Sayın Bertrand Buchwalter’in mükemmel bir türkçesi olduğunu söylemek isterim öncelikle, kuşkusuz çok iyi türkçe bilen ilk Başkonsolos değildi, ancak türkçesi dinlediğinizde kendisinin Orhan Boran ve Halit Kıvanç’tan özel ders aldığını düşünebilirsiniz. Fransız Sarayı’nda gerçekleşen edebiyat ödül törenlerinde, ödül alan yazara ödülünü takdim etmeden önce yaptığı konuşmalarda, kitabın harika bir özetini çıkarır ve kiaptan bazı pasajları (türkçe olarak) okurdu.
Türkçe’yi çok iyi konuşuyor olması, güler yüzlü olması, eşinin Türk olması, bir “Türk dostu” olması kuşkusuz kendisi hakkında son derece sempatik bir algı oluşturuyordu ancak benim esas bahsetmek istediğim tam olarak bu özellikleri değil. Sayın Bertrand Buchwalter karşılaştığı herkese karşı son derece saygılı ve nazik davranmaya büyük özen gösterdi. Herkese aynı göz hizasından bakmayı prensip edinmişti. Bireysel görüşmelerde herkese, 7’den 77’ye sevecen davrandı, karşılaştığı herkesin elini sıktı, herkes ile göz teması kurdu. Bazen absürd denebilecek talep ve görüşler karşısında bile son derece sabırlı idi.

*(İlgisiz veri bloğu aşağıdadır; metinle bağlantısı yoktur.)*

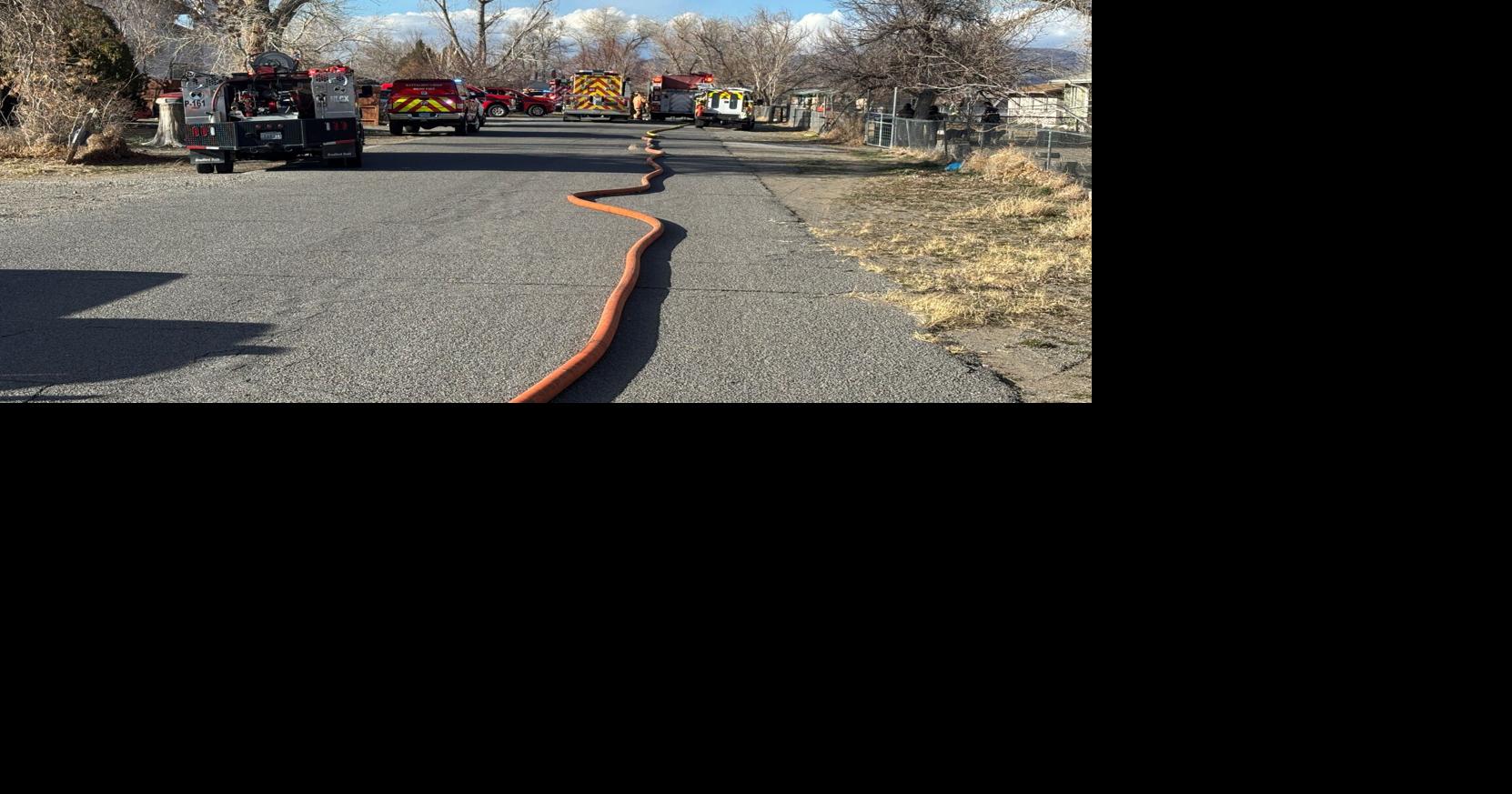 Two people displaced by house fire in Wadsworth | Fire Watch | 2news.com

Ulaşılabilir biri oldu. Fransa’yı temsil eden biri olarak Fransa ile ilgili maruzatı olan insanlara bizzat yardım etmekten, onları görüşme taleplerini kabul etmekten kaçınmadı. Bir Türkiye Cumhuriyeti vatandaşının bir Başkonsolosa ulaşabilmesi hiçbir zaman bu kadar kolay olmamıştı. Konuştuğu kişilere güven veren, karşısındakini rahatlatan bir üslubu oldu hep.Tüm bu özellikler, Başkonsolosluk düzeyinde bir mevkide her zaman ve kolaylıkla görülebilen özellikler değil.
Türkiye – Fransa belki de tarihin en zorlu döneminden geçiyor olsa bile, Bertarnd Buchwalter Fransız centilmenliği ile Türk misafirperverliği ve nezaketini aynı potada eritmiş olan kişiliği ile Türk yetkililer ve Türk otoriteleriyle hep saygılı ve yapıcı ilişkiler kurdu. Ders verici olmaktan hep kaçındı.

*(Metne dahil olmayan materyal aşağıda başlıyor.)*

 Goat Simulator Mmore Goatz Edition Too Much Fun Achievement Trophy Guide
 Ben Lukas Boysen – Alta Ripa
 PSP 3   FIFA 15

Herşeyden önemlisi yüksek mevkilerde olmanın sevecen ve mütevazı olmaya engel olmadığını gösterdi. İnsanlara karşı kibar ve nazik olmanın zayıflık değil Fransa’nın esas diplomatik gücü olduğunu gösterdi.
Kuşkusuz kendisi çok başarılı bir profesyonel, Fransız Dışişleri Bakanlığı’nda İstanbul’dan sonra da çok başarılı işlere imza atacak. Türkiye ve kendisini tanımış olan Türkler onu çok özleyecek.
Güle güle Sayın Buchwalter, yolunuz açık olsun.